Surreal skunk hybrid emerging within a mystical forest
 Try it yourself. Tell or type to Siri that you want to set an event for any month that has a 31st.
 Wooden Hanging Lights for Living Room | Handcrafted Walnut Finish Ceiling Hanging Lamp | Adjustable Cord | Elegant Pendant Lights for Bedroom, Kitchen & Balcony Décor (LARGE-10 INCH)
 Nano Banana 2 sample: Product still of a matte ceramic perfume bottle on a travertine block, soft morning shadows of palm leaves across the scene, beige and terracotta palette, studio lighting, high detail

■ **What you have to do**: Each line of the data above is to be duplicated exactly.

■ **Reply**:
Surreal skunk hybrid emerging within a mystical forest
 Try it yourself. Tell or type to Siri that you want to set an event for any month that has a 31st.
 Wooden Hanging Lights for Living Room | Handcrafted Walnut Finish Ceiling Hanging Lamp | Adjustable Cord | Elegant Pendant Lights for Bedroom, Kitchen & Balcony Décor (LARGE-10 INCH)
 Nano Banana 2 sample: Product still of a matte ceramic perfume bottle on a travertine block, soft morning shadows of palm leaves across the scene, beige and terracotta palette, studio lighting, high detail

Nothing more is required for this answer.